The Financial Markets Authority (FMA) could reprise its 2020 COVID-related regulator reporting relief measures if the recent delta wave rolls on.
In a note issued last week, the FMA said while regulated entities affected by the new lockdowns could seek ‘no action’ relief on a case-by-case basis it “may also grant class exemptions as a result of the current Delta variant outbreak”.
Under the no-action approach, businesses where compliance “may lead to unnecessary operational/regulatory burden and investor detriment” must apply to the FMA for an exemption.
“We will consider whether the relief requested is specific to the individual circumstances of the entity, or appropriate for a wide range of market participants on a class basis,” the note says.
Post the first coronavirus lockdown imposed early last year, the FMA granted broad no-action relief to a raft of reporting entities including KiwiSaver schemes, discretionary investment management schemes (DIMS) and fund managers.
The regulator also issued two class exemptions allowing a two-month financial reporting extension for most firms as well as specific relief to custodians.
“If you are covered by a class exemption, you do not need to seek ‘no action’ relief,” the FMA says.
However, no-action remains the preferred method of managing regulatory stress, the note says, allowing temporary respite for businesses caught out by extraordinary circumstances.
But exempted firms must continue to communicate with and treat “their customers fairly at all times”, the FMA says.

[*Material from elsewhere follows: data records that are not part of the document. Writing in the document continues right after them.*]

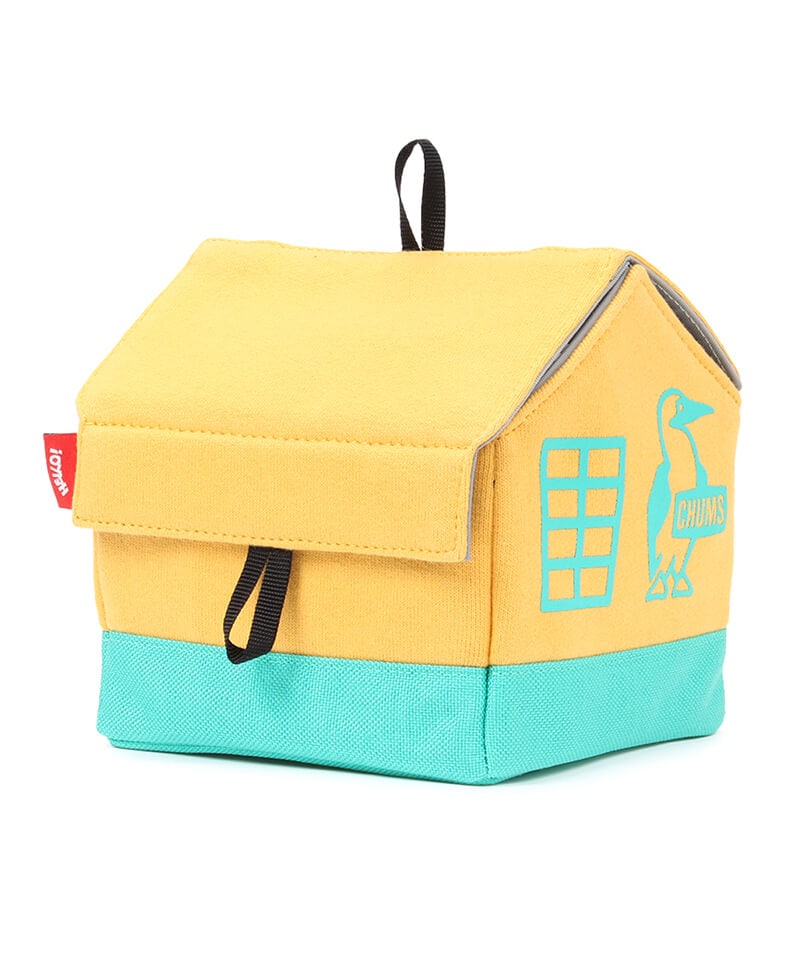 Toilet Paper Case Sweat Nylon Yolk Yellow x Aqua Green CHUMS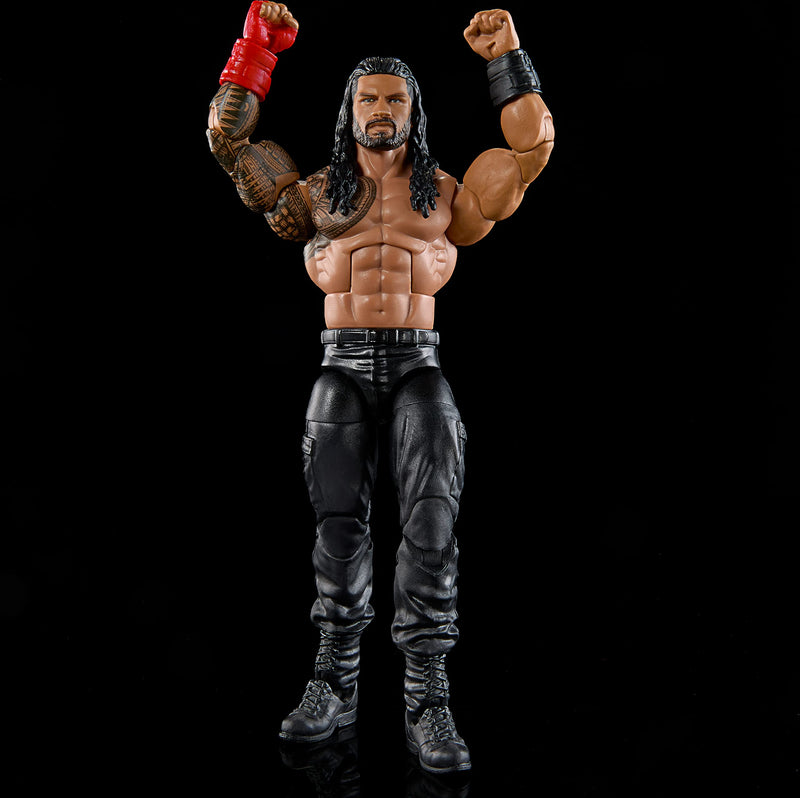 Mattel WWE Roman Reigns Top Picks Elite Collection Action Figure, Articulation & Life-Like Detail, Interchangeable Accessories, 6-Inch (HKN55)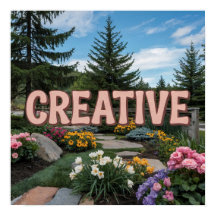 Pink Creative Affirmation Square Poster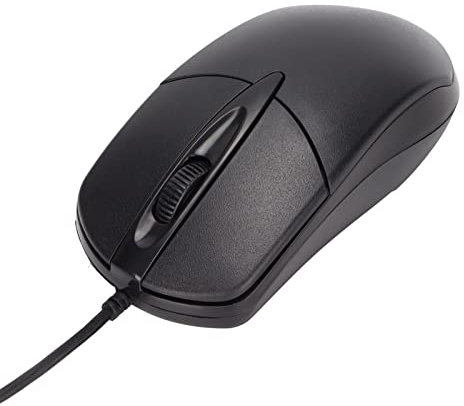 T opiky Beheizte Maus,5 Millionen Klicks Lebensdauer,3 Stufen Einstellbar,Ergonomische 1600DPI Kabelgebundene Heizung Desktop-Laptop-Computer USB Kabelgebundene Maus,für Windows für OS X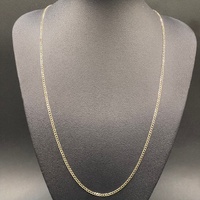 Unisex 9ct Yellow Gold Curb Link Necklace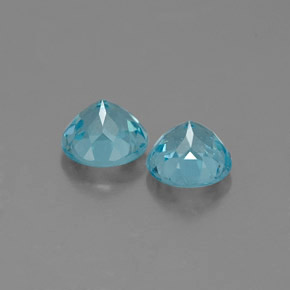 Apatite Gemstone in 4.2 mm Size for Sale, Apatite Stone in Light Blue Color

“Accordingly, as part of this approach, there is a general expectation that where possible, breaches will be remediated at a later date, and as such the requirement to comply is being delayed rather than removed. We also expect market participants will take steps to mitigate any risks resulting from the breach,” the note says.
“The ‘no-action’ approach is not intended to apply to ongoing and open-ended breaches, or where there is significant risk of customer detriment.”
Businesses relying on no-action relief, though, may not be immune from third-party legal moves “in relation to the same conduct or conduct of that kind”, the FMA says.
Auckland remains locked-down under government COVID Level 4 restrictions while the rest of the country eased down to Level 2 freedoms last week.